Leaving out the images, return the data below exactly as it is written.
>>
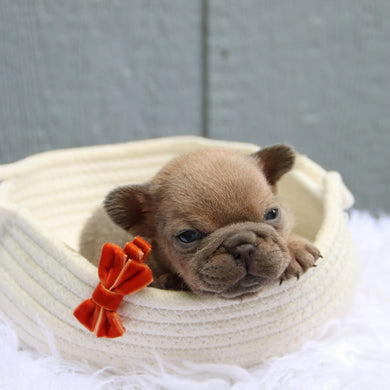 Baylor - Available 6/11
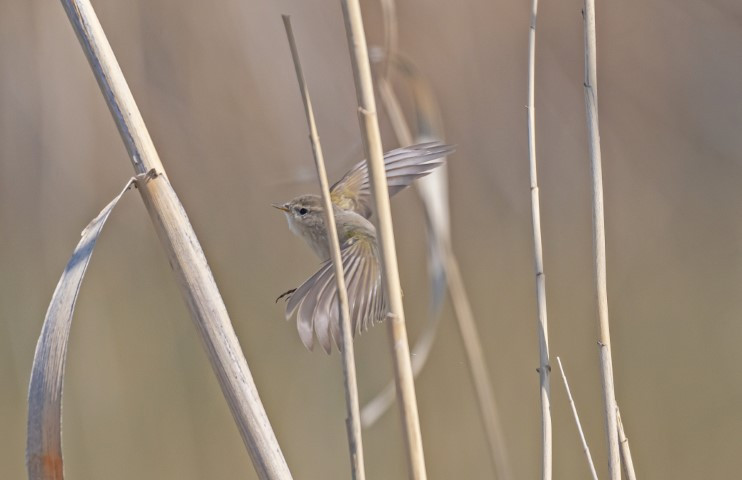  Kışı Diyarbakırda geçirecek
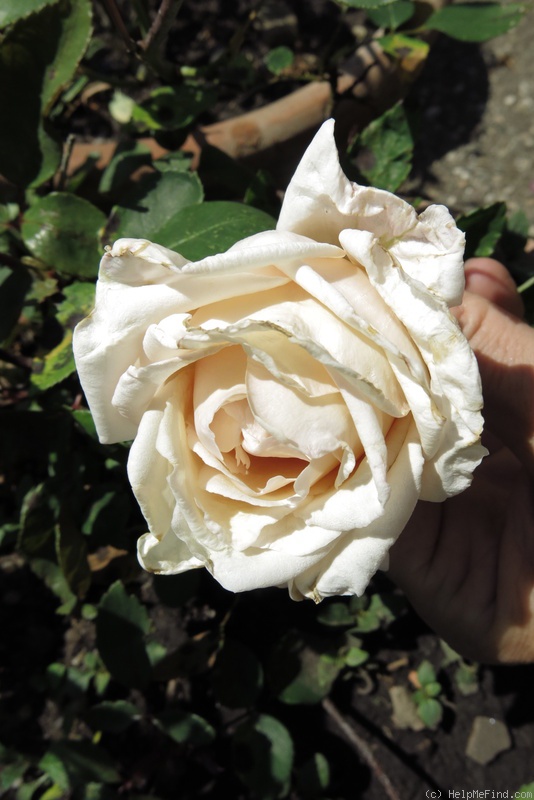 'Sunset (tea, Henderson, 1883)' rose photo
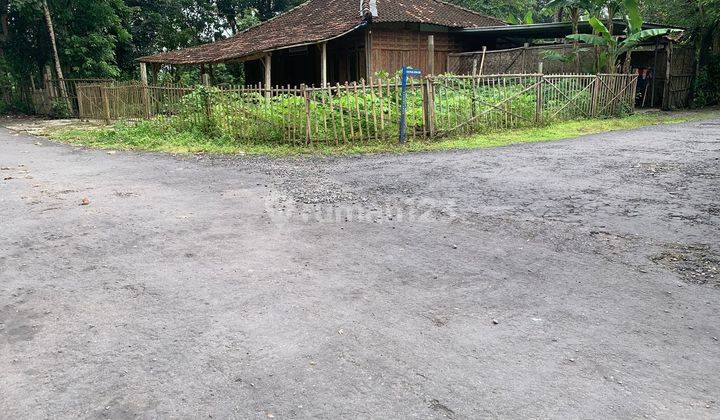 Tanah Di Wedomartani Mangku Jalan Aspal Desa 1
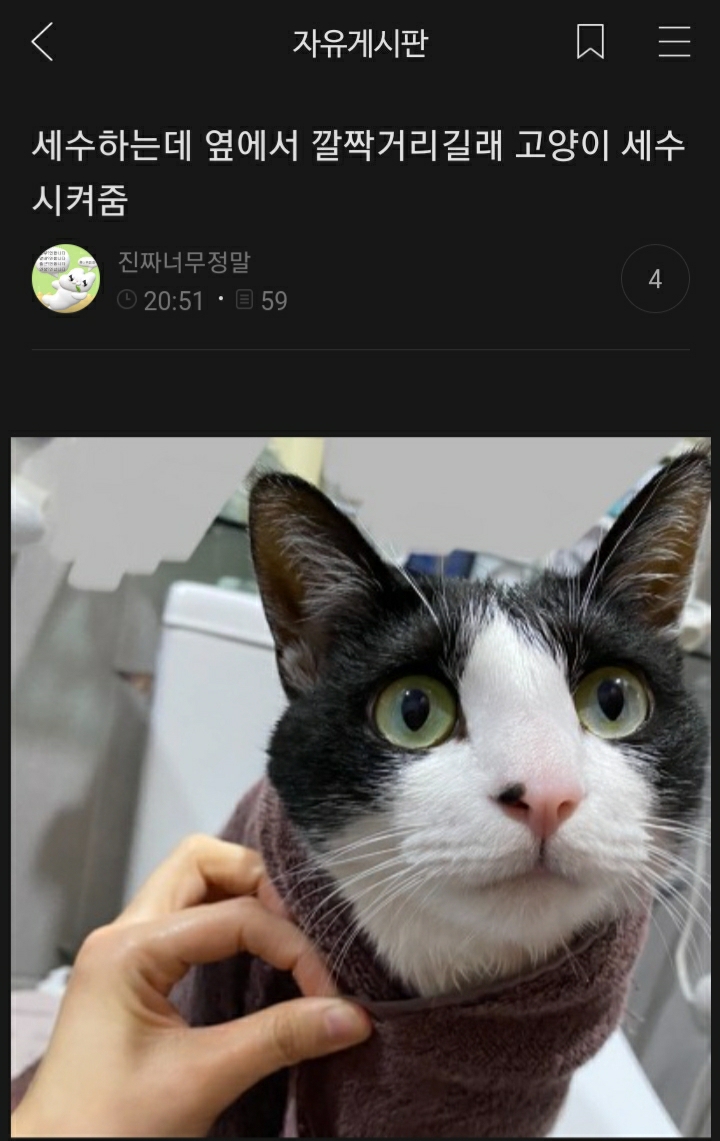 여시들이 사는 소소한 이야기(동물캡쳐 많음 ㅋ) | 인스티즈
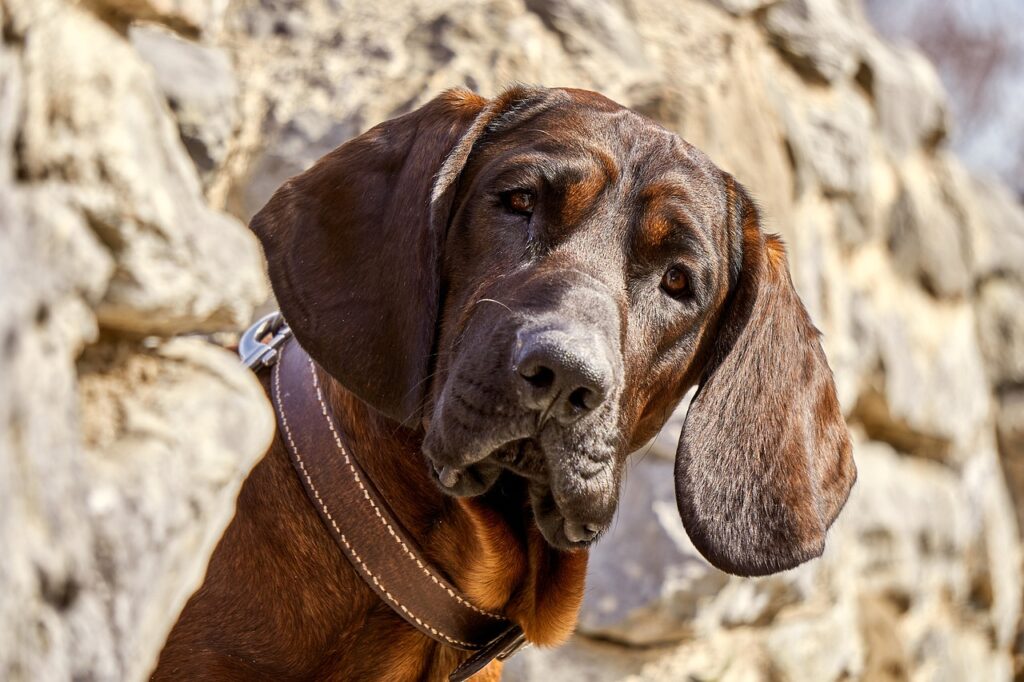What Your Dog Is Trying to Tell You When They Look At You One Last Time Before Crossing Over The Rainbow Bridge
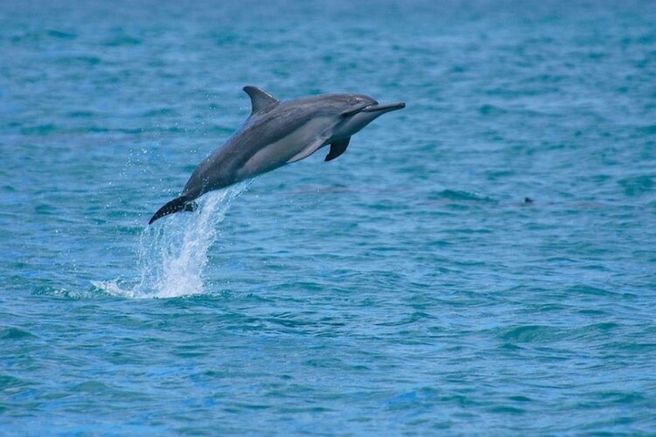 Hawaii: Reef Snorkeling Tour with Dolphin Watching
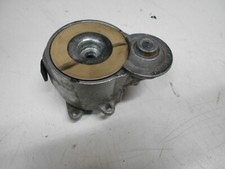 Tendicinghia alternatore per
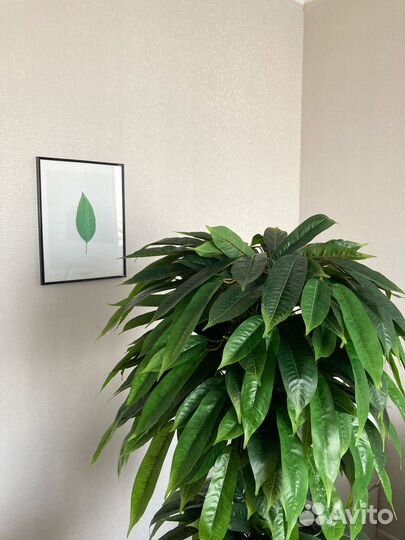 Искусственные цветы и деревья фикус манго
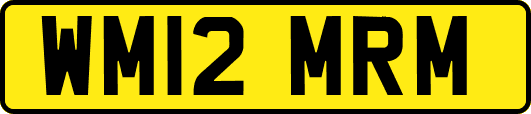 WM12MRM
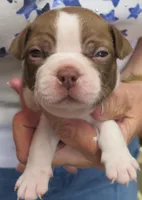 Sammy, a male Boston Terrier for sale in Bend, OR – Photo 1 of 4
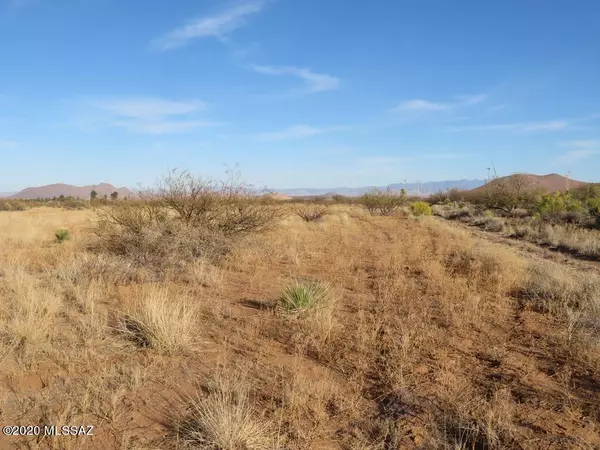 Pearce, AZ 85625,TBD Tracey Road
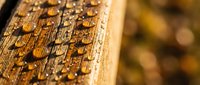 Water droplets on golden wood surface with natural grain texture and warm bokeh background for nature and material design projects.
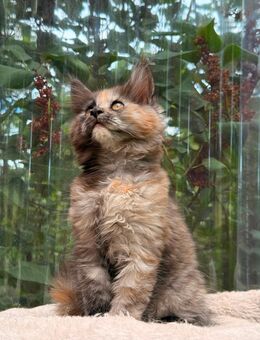 Maine Coon Kitten Katze Black Tortie Split Face und Kater Rot - Bad Pyrmont
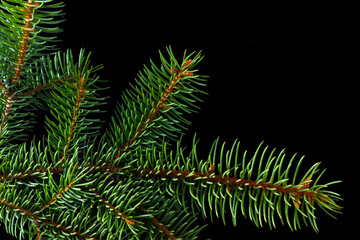 Fototapeta na wymiar Christmas green spruce branch isolated on black background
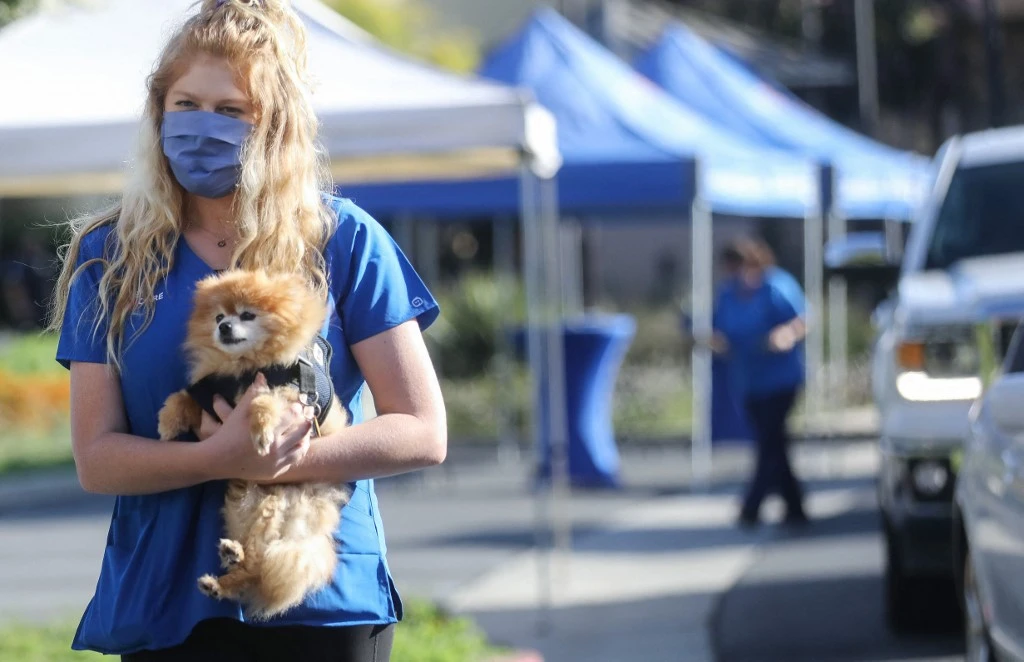 La Russie approuve un premier vaccin anti-Covid pour animaux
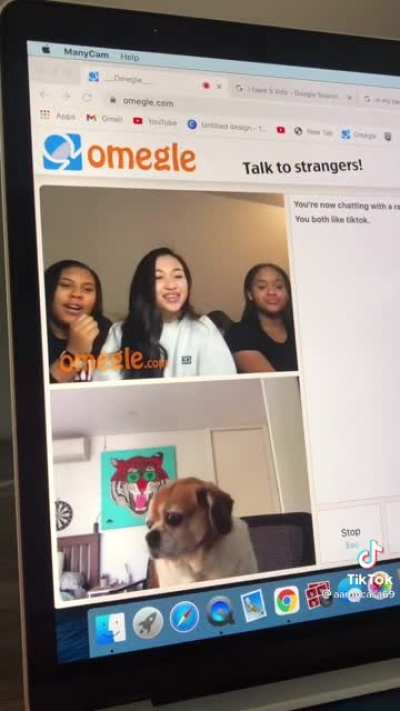 Another one but with dog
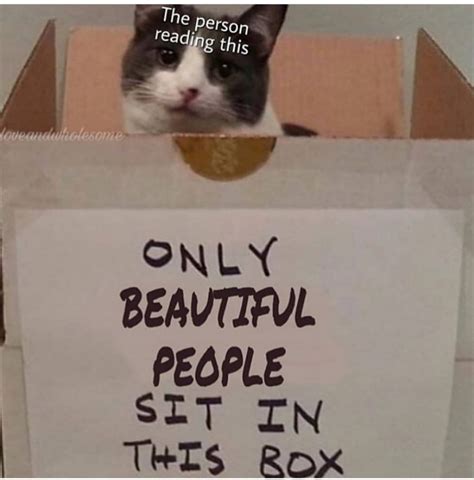 Only beautiful people beyond this point | r/wholesomememes | Wholesome ...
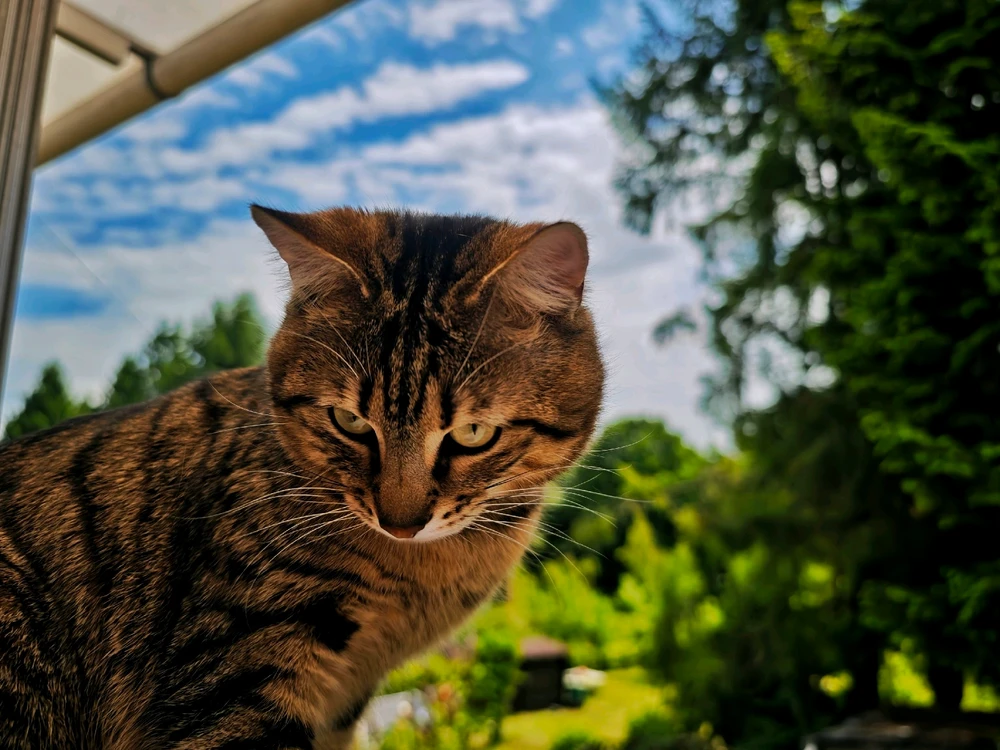 Image uploaded by Boriss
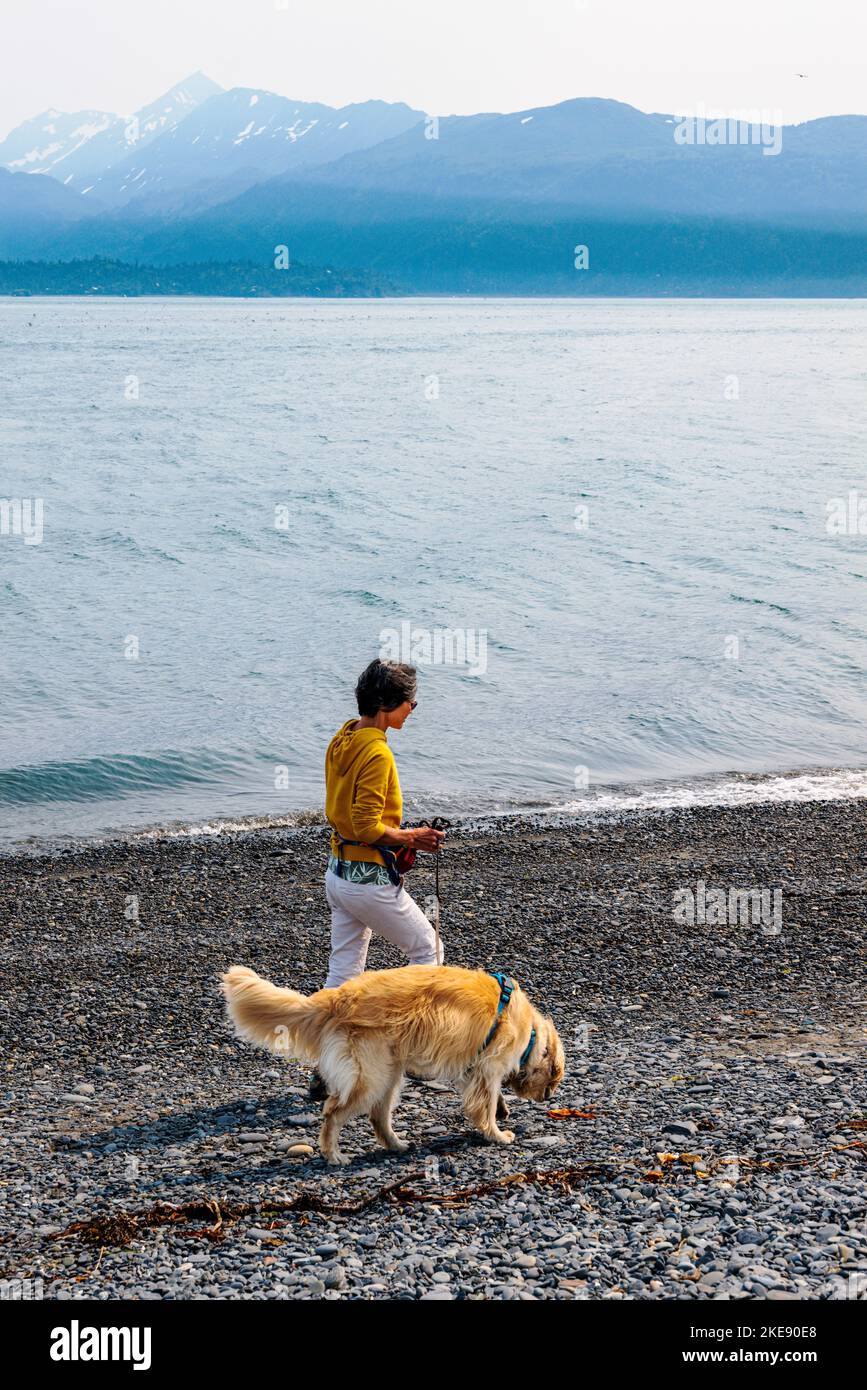 Femme marchant sur un chien Golden Retriever, brumeux, jour, Kachemak Bay, Kenai Mountains ; Homer ; Alaska ; États-Unis Banque D'Images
<<
# YOUR SOLUTION
 Baylor - Available 6/11
  Kışı Diyarbakırda geçirecek
 'Sunset (tea, Henderson, 1883)' rose photo
 Tanah Di Wedomartani Mangku Jalan Aspal Desa 1
 여시들이 사는 소소한 이야기(동물캡쳐 많음 ㅋ) | 인스티즈
What Your Dog Is Trying to Tell You When They Look At You One Last Time Before Crossing Over The Rainbow Bridge
 Hawaii: Reef Snorkeling Tour with Dolphin Watching
 Tendicinghia alternatore per
 Искусственные цветы и деревья фикус манго
 WM12MRM
 Sammy, a male Boston Terrier for sale in Bend, OR – Photo 1 of 4
 Pearce, AZ 85625,TBD Tracey Road
 Water droplets on golden wood surface with natural grain texture and warm bokeh background for nature and material design projects.
 Maine Coon Kitten Katze Black Tortie Split Face und Kater Rot - Bad Pyrmont
 Fototapeta na wymiar Christmas green spruce branch isolated on black background
 La Russie approuve un premier vaccin anti-Covid pour animaux
 Another one but with dog
 Only beautiful people beyond this point | r/wholesomememes | Wholesome ...
 Image uploaded by Boriss
 Femme marchant sur un chien Golden Retriever, brumeux, jour, Kachemak Bay, Kenai Mountains ; Homer ; Alaska ; États-Unis Banque D'Images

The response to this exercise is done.